This event serves as another lesson for Jim—that in life, most people fail to live up to the ideal of courage in the face of danger, especially, as he now realizes, when the terror of piracy is involved. But Jim’s mother loves her son enough to risk such danger.
Jim and his mother return, still frightened, and enter the parlor with the dead captain still lying there. Jim goes to his knees and sees that the captain was clutching a blackened piece of paper, which he imagines to be the “black spot.” It says, “You have till ten tonight.” It’s now six in the evening.
It now makes more sense why the captain shouted “Ten o’clock!” before he died: Jim can imagine that the black spot was what the captain had feared, though he’s still not sure what that means.
Jim feels through the captain’s pockets and finally finds a key hanging around his neck.
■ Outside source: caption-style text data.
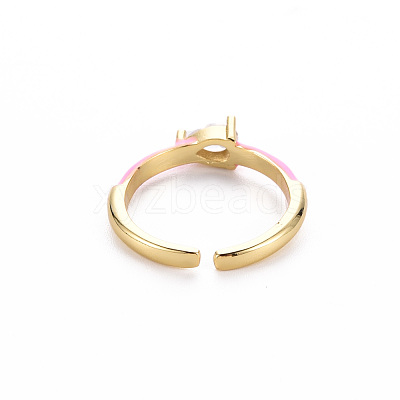 Brass Enamel Cuff Rings RJEW-T016-27E-NF-1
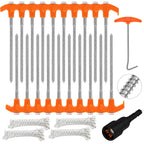 Horusdy 26 Pack Heavy Duty Tent Stakes Tent Pegs Camping Stakes With With 4X13Ft Rope & 1 Stopper T Pull Hook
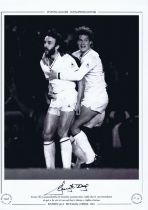 Autographed RICARDO VILLA 16 x 12 Limited Edition : B/W, depicting RICARDO VILLA celebrating with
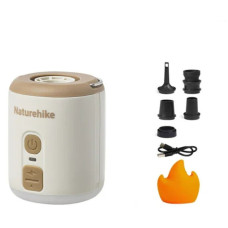 Насос для надувних меблів Naturehike CNK2300DQ022 + нічник + вентилятор, бежевий (6976507665971)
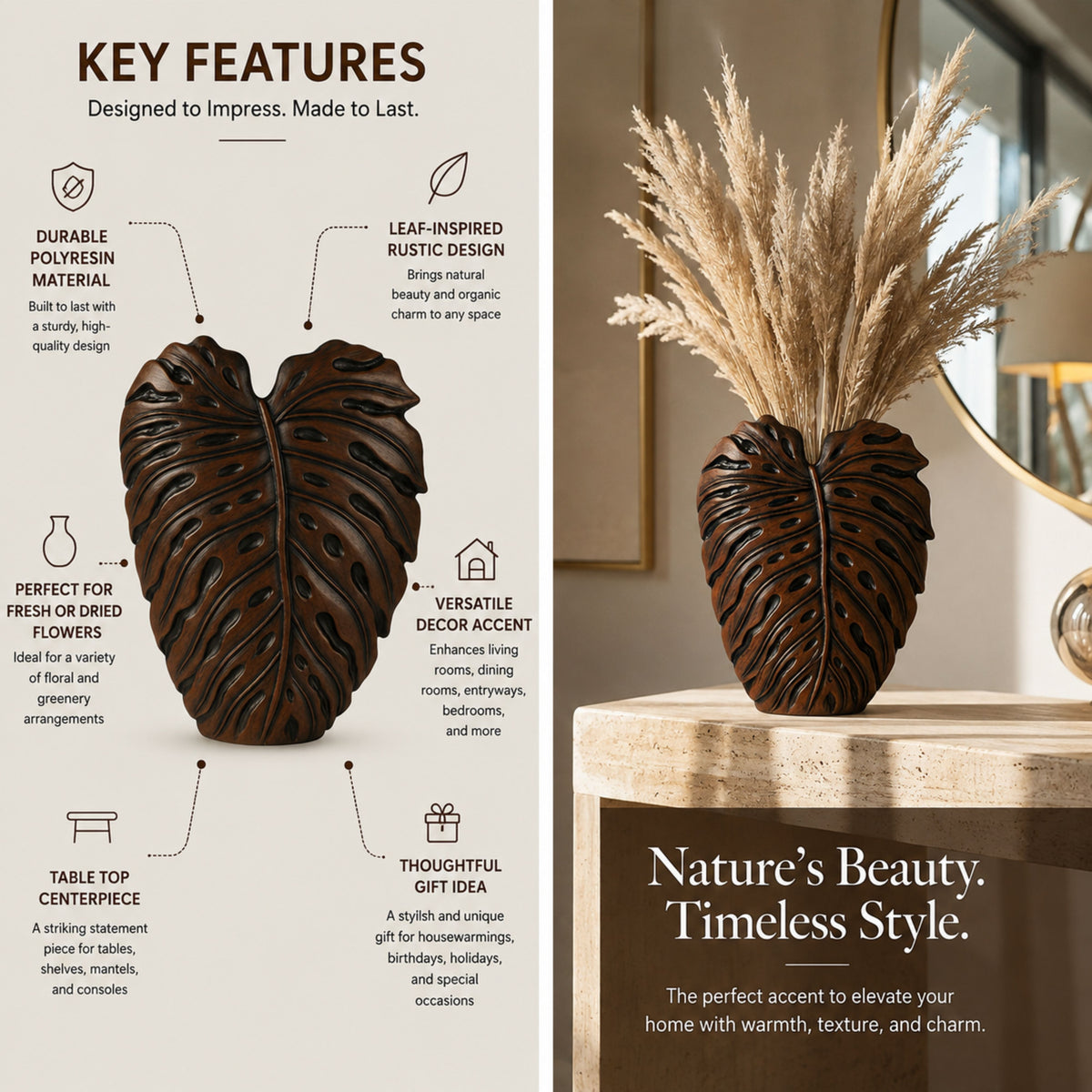 PLR208 BROWN POLYRESIN VASES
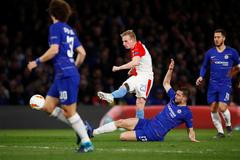 fotbal, odveta čtvrtfinále Evropské ligy, Chelsea - Slavia, Petr Ševčík střílí gól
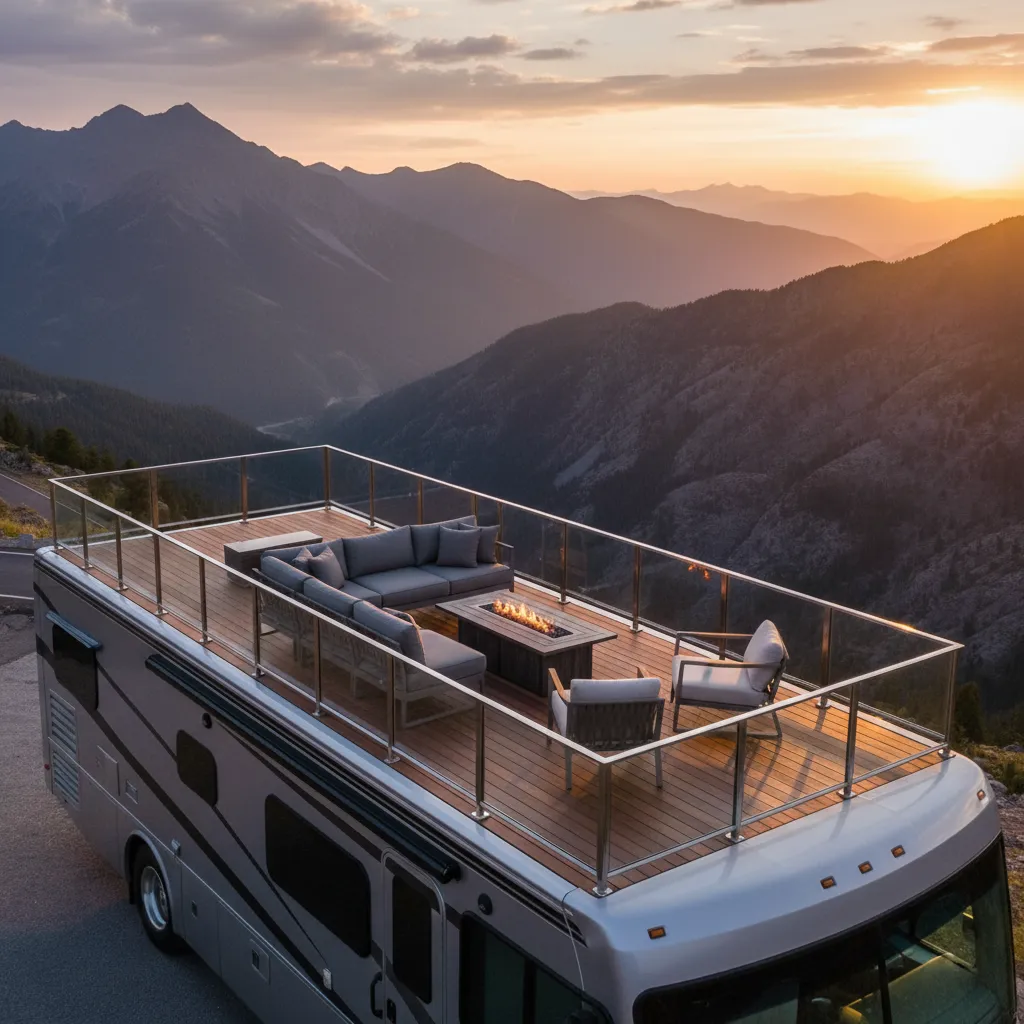 Motorhome rooftop deck with seating and safety railing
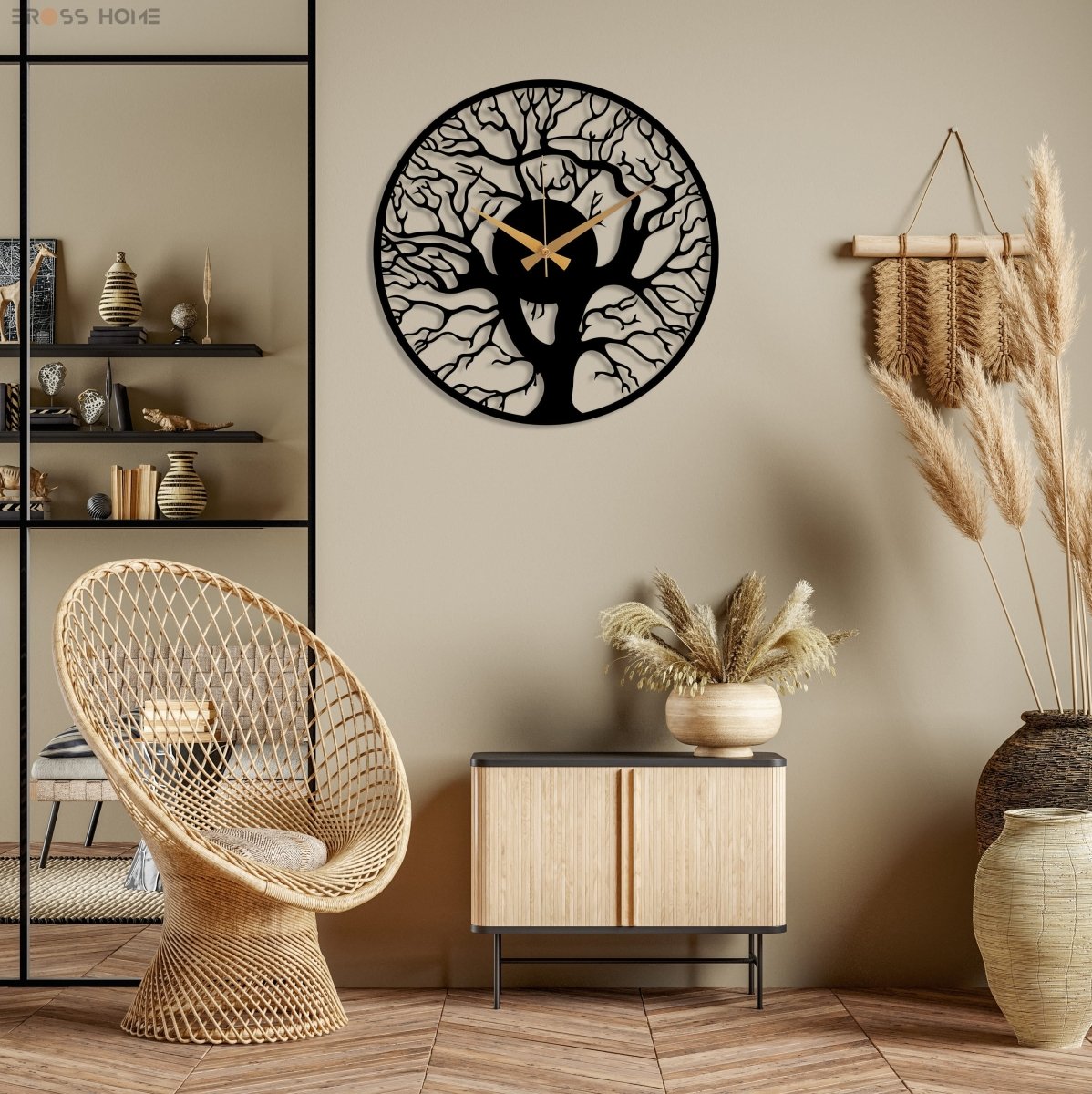 Tree Of Life Wall Clock - BrossHome Metal Wall Art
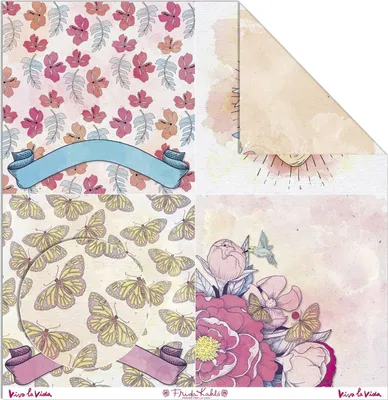 Produktbild von Kreativpapier - Frida Kahlo - Blumen und Schmetterlinge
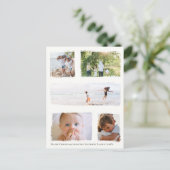 金素朴箔クリスマスファミリーフォトコラージュ ポストカード (スタンド正面)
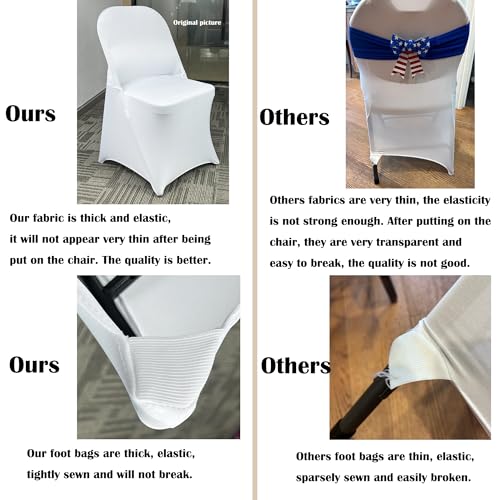 40PCS Waterproof Folding Chair Covers - Stretch Spandex for Events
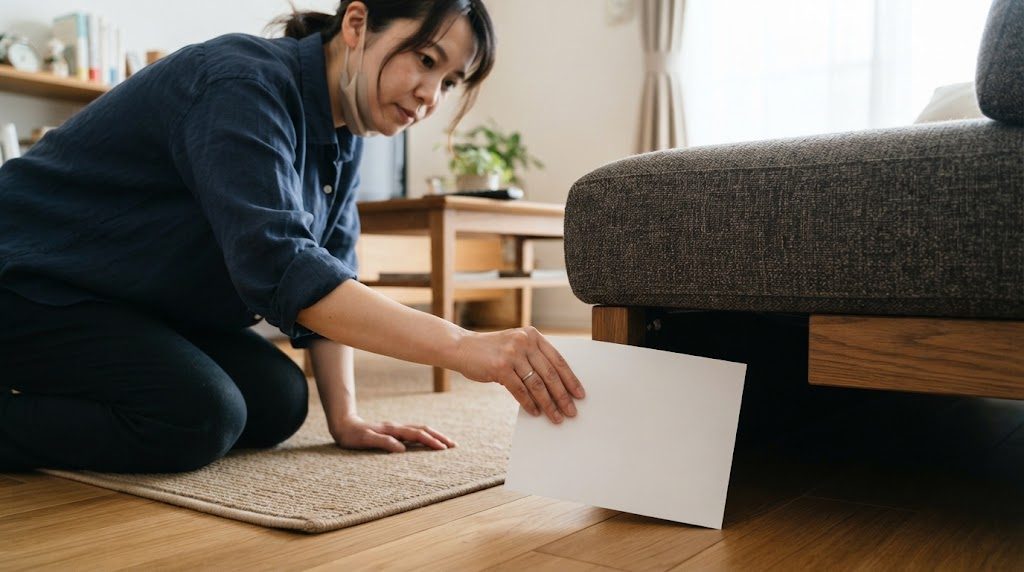 ソファの下の隙間に、四角く平らな白いシートを差しこむ女性。床に膝をついて低い位置から入れている
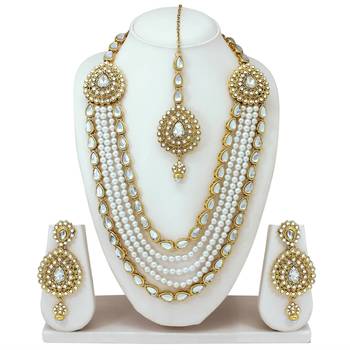 Gold plated stones kundans necklace earrings bollywood party necklace set 1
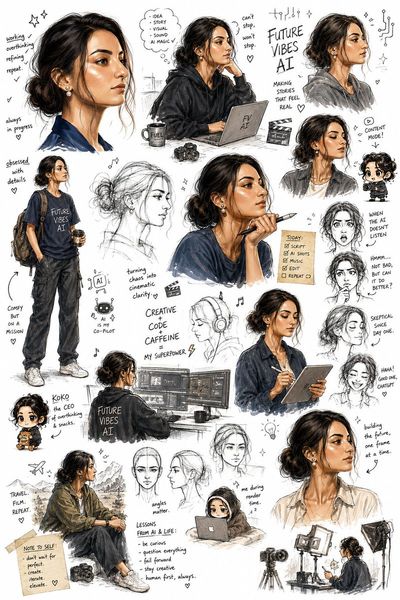 A sketchbook page of an analytical engineer in relaxed streetwear.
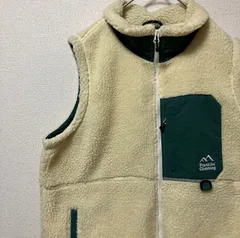フリースベスト　ニットベスト　Franklin Climbing　アイボリー　緑　XLサイズ相当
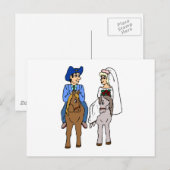 Pferderennbahn Hochzeitbride Groom Horse Thema Pfe Postkarte (Vorne/Hinten)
Jim and his mother then hurry upstairs to where his chest is lying. They open it: there are new clothes inside, some tobacco, a watch, and some compasses. Below all these things, however, is a canvas bag that holds gold, along with an oil-cloth packet. Jim’s mother says that she’ll only take exactly what she’s due, and begins to count out the coins, while Jim takes hold of the packet.
Some of the mysteries held by the captain while he was alive are now becoming accessible to Jim and his mother. Initially, however, it’s not entirely clear why he so zealously guarded this sea chest: though there is some gold inside, it doesn’t seem to warrant all the terror and plotting associated with it.
Jim then starts to hear the tapping of a blind man’s stick, and he begs his mother to leave, but she’s now even more frightened to take more than she’s owed. Then they hear a whistle; they jump up, Jim grabbing the oil-cloth bag, and race downstairs and outside back to the village. As they look behind them, they see a stranger carrying a lantern. Jim curses the neighbors’ cowardice as his mother faints, and he drags her under a bridge to hide.
The tapping of the blind man’s stick suggests to Jim that he is not yet free of the mysterious visitors associated with the captain. Jim’s mother, meanwhile, had enough courage to try to seize the gold, but her wits give out on her when she’s faced with this overwhelming situation, leaving Jim to act as an adult and manage it.